Später nutzte er die Gelegenheit, ins damalige West-Berlin zu gehen, und landete in einem der ersten besetzten Häuser am Klausener Platz. Zusammen mit den dort wohnenden Künstlern baute er Lampen für das KaDeWe und Dekorationen für den Presseball. „Meine handwerklichen Fähigkeiten kamen mir da sehr zugute, die Inspiration stammte von den älteren Kollegen", erzählt er, „das war die Ausbildung, die ich mir gewünscht habe. Ich denke dreidimensional, sehe die Sachen im Kopf, kann sie drehen, ich brauche keine Zeichnungen." Am Klausener Platz gründete er mit einem Freund eine eigene Werkstatt, zog dann später in den Wedding.
Nach der Wende fragte ihn eine befreundete Künstlerin, ob er nicht nach Buch kommen wolle. Dort konnte er für wenig Geld einen großen Platz mieten – ideal, um größere Stücke zu gestalten. Als das Gelände privatisiert wurde, richtete er sich eine Werkstatt an seinem Wohnhaus ein. Gleich neben seiner Frau, die auch Künstlerin ist, Mode entwirft und an dem Stolperstein-Projekt mitarbeitet. Seit er die Stolpersteine macht, bleibt für die künstlerische Arbeit keine Zeit mehr. „Das mache ich gerne, denn das ist eine unglaublich gute Aufgabe. Ich arbeite von Sonntagmorgen bis Freitagabend, der Sonnabend ist nur für die Familie."
Aber ein bisschen fehlt sie ihm doch, die künstlerische Arbeit. Wenn er ein Stück herzeigt, fahren die Finger fast zärtlich über das Metall. „Speziell Eisen ist für mich ein total lebendiges Material, weder spröde noch sonst was. Man kann es kalt bearbeiten oder warm. Wenn ich da mit Feuer rangehe, habe ich das Gefühl von einem Dialog, der mit dem Abstrahlen von Wärme einhergeht. Wenn man mit dem Material umgehen kann, dann ist es handzahm." Und schon schleppt er einen Würfel an. „Den habe ich aus einer Platte herausgeschnitten und wieder zusammengeschweißt. Mit dem Schweißbrenner zeichne ich wie mit einer Kerze im Eisen", erklärt er und fährt mit der Hand über die rissigen Strukturen. „Was wunderschön ist – mit Feuer kann man Metall auch färben. Gehe ich mit der Flamme drüber und lasse es anlaufen, habe ich das Gefühl, das Metall ist lebendig."

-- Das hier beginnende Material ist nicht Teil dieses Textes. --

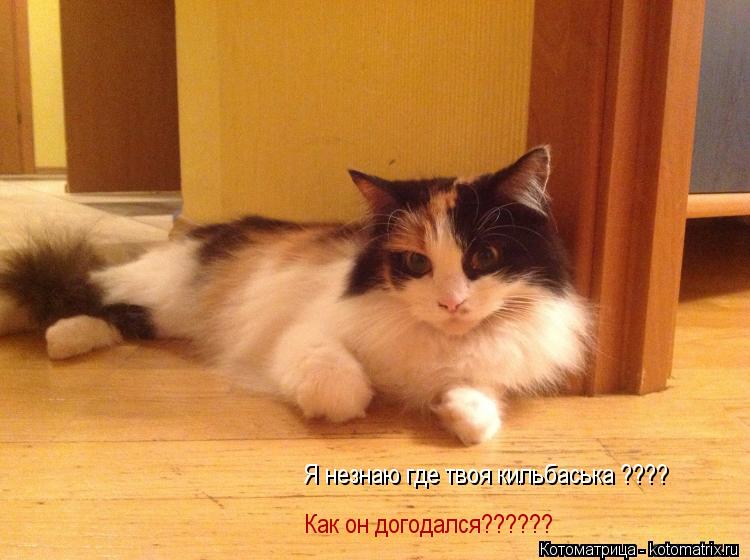 Котоматрица: Я незнаю где твоя кильбаська ???? Как он догодался??????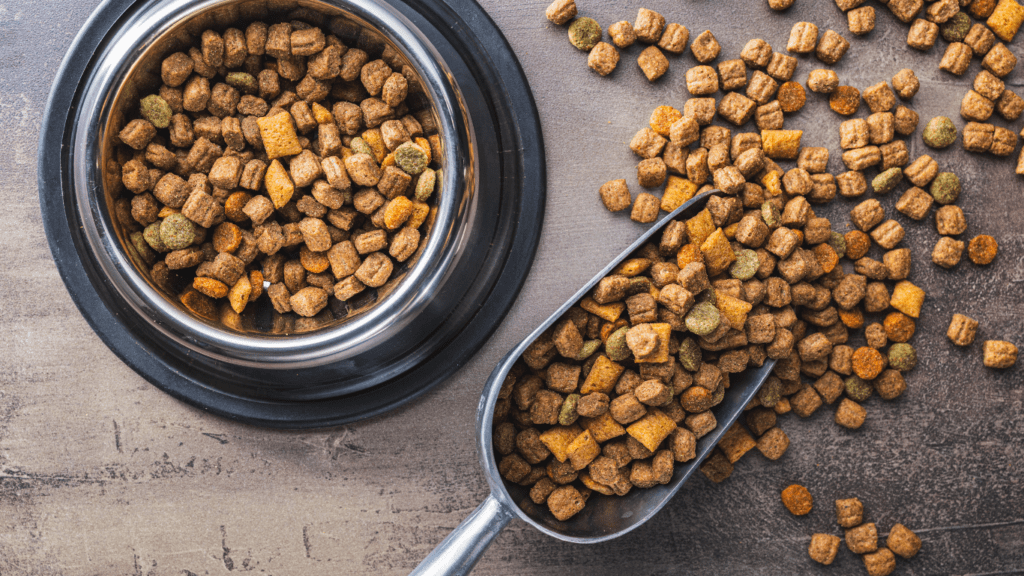 How to Prevent Food-Related Allergies in Pets: Expert Tips and Vet-Approved Strategies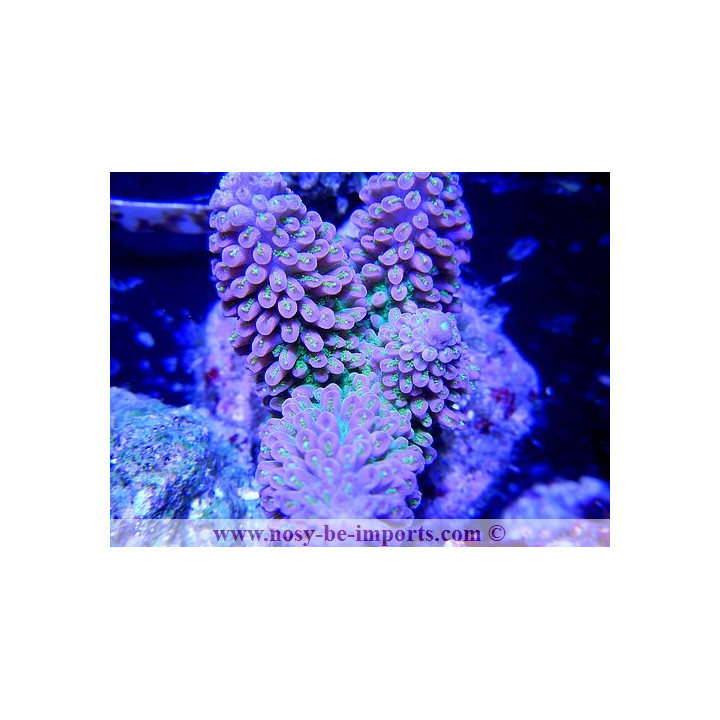 Acropora abrotanoides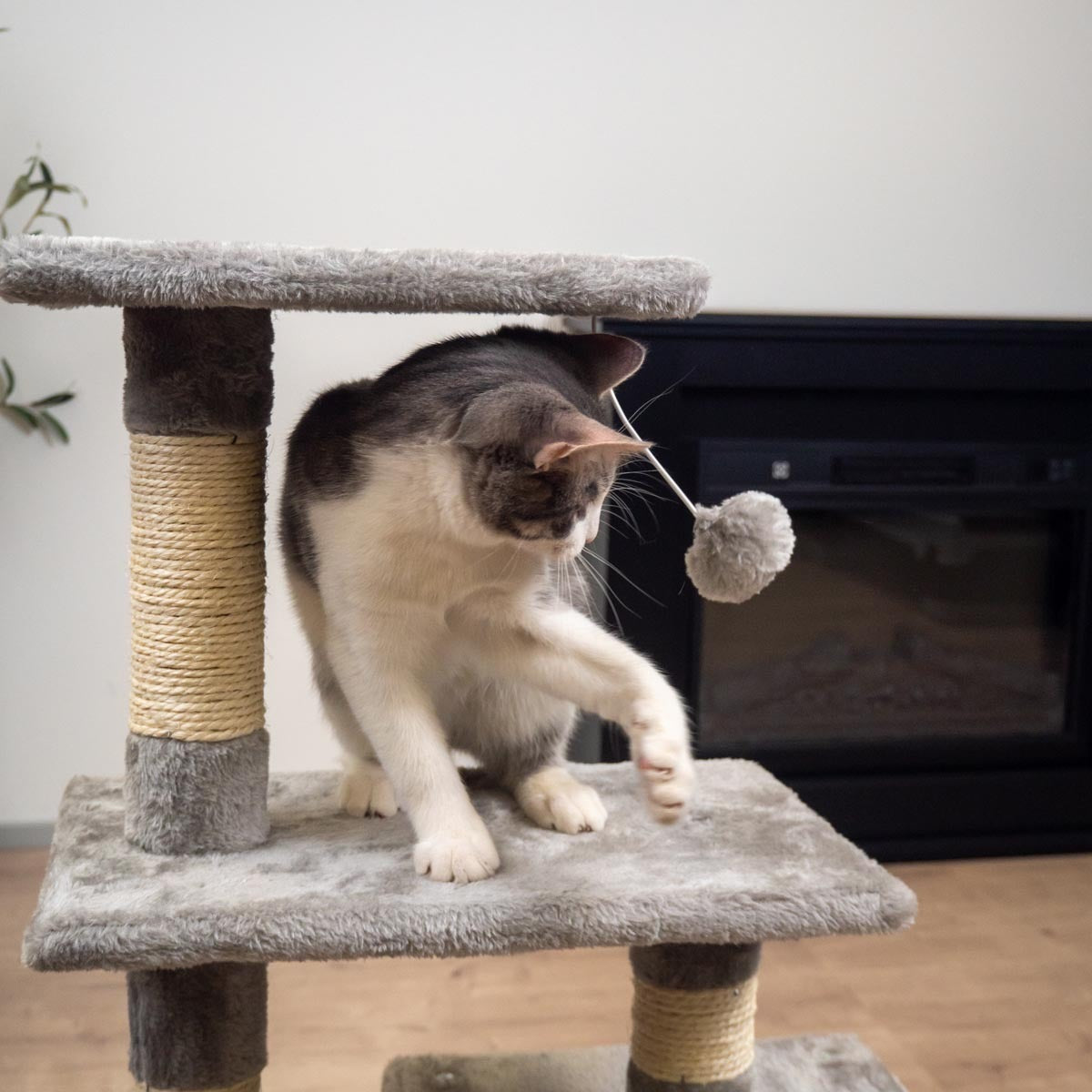 
              Trekker Rascador para gatos Basic 80cm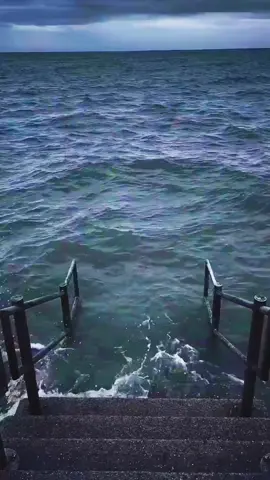 #xuhuongtiktok #meme #funnyvideos #haihuocvuinhon 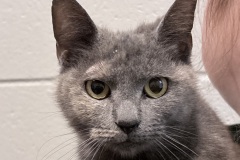 Alice, spayed female, 1 year, DL tortie, DSH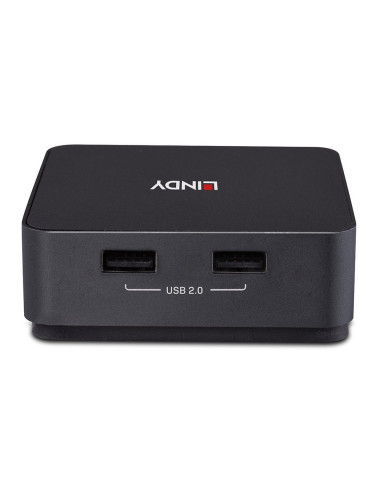 Lindy 42321 switch per keyboard-video-mouse (kvm) Grigio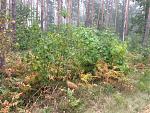 IMG_1887.JPG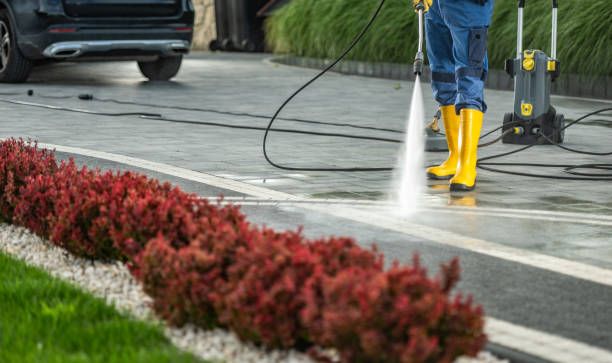 Best Fence Cleaning  in Alb, IA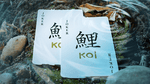 Koi V2 Playing Cards by Byron Leung - V2 MAGIC SHOP
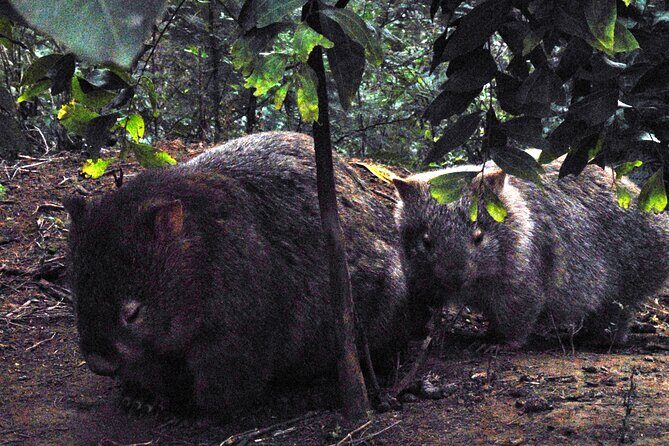 Walking with Wild Wombats Private Day Trip from Sydney - Practical Considerations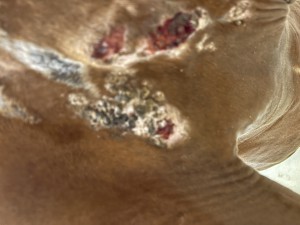 IMG_2151.jpeg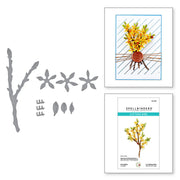 Spellbinders - Forsythia Etched Dies from the Nature's Botanical Garden Collection by Susan Tierney-Cockburn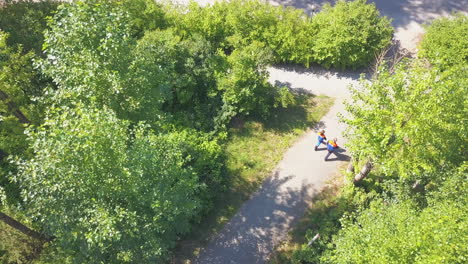 people walking in a park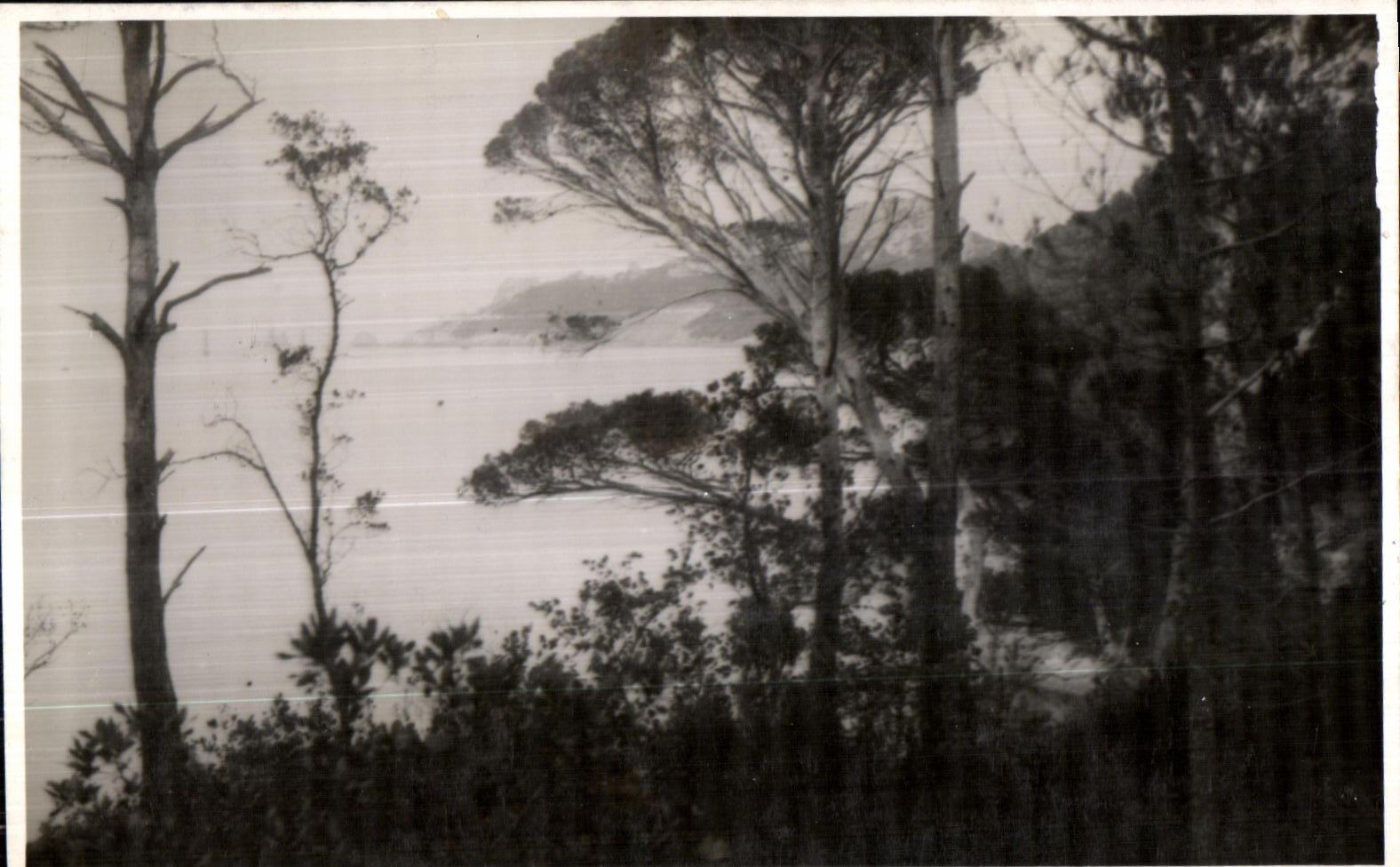 Vue de la mer à Porquerolles — éditeur non identifié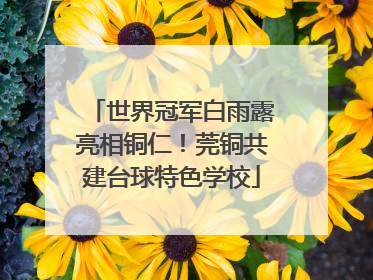 世界冠军白雨露亮相铜仁！莞铜共建台球特色学校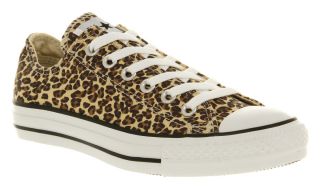 Converse All Star Ox Low Leopard Canvas Exclusive Trainers Shoes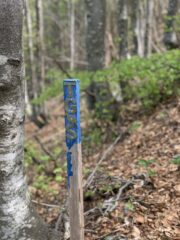 Le paline dal passo di calinazzo alla cima del monte pilastro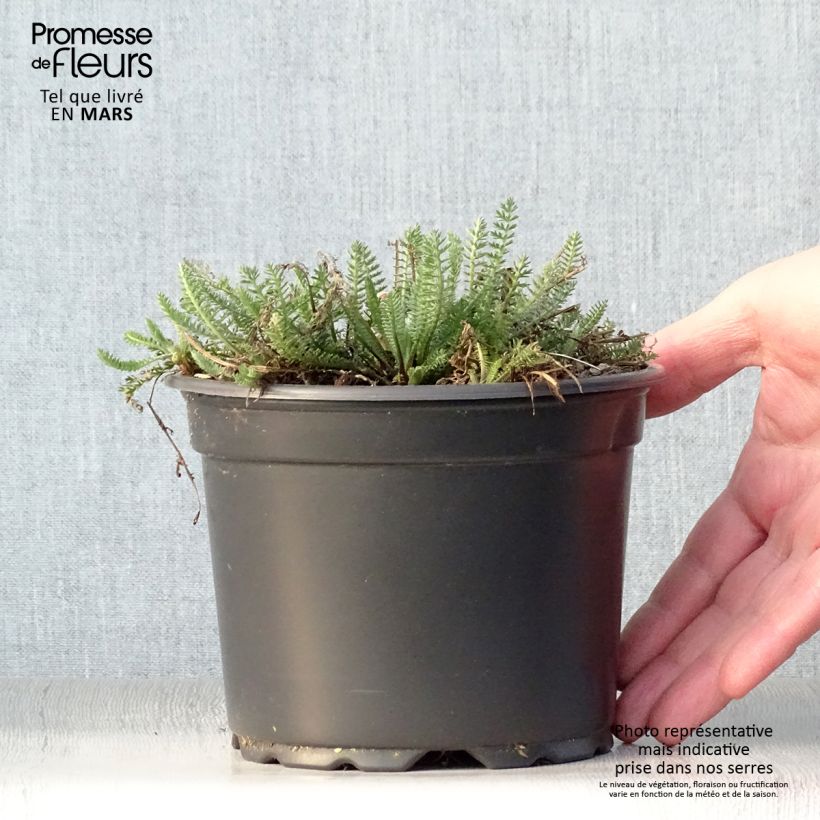 Achillea millefolium Terracotta Vaso da 2L/3L esemplare consegnato in primavera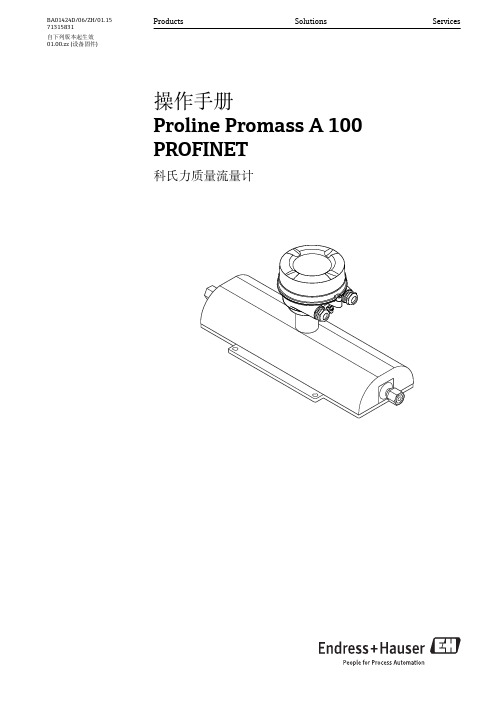 Promass A 100 PROFINET 科氏力质量流量计 操作手册说明书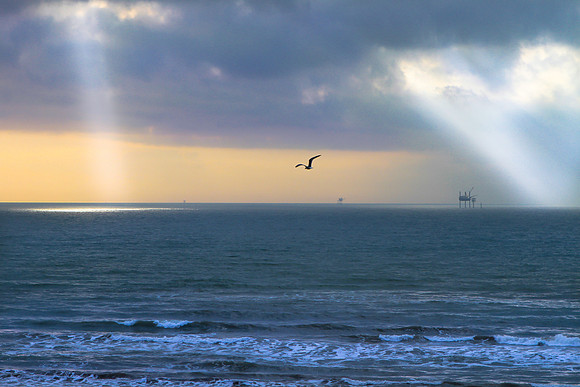 Sunburst, Coastline, Rigs and Seagull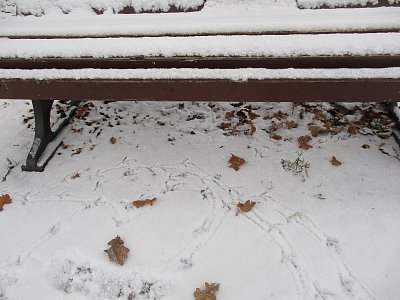 Ranní rozcvička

Aber nun hat er sich den Stolpersteinen verschrieben. „Ich mache über 5.000 Steine im Jahr, die Nachfrage ist ungebrochen." Ihn berühren auch die Geschichten, die hinter jedem Stein stecken. Beim Verlegen der Steine treffen sich Menschen, die sich aus den Augen verloren oder noch nie gesehen haben. „Für mich gibt es nichts Besseres", sagt er und spannt eine neue Platte ein.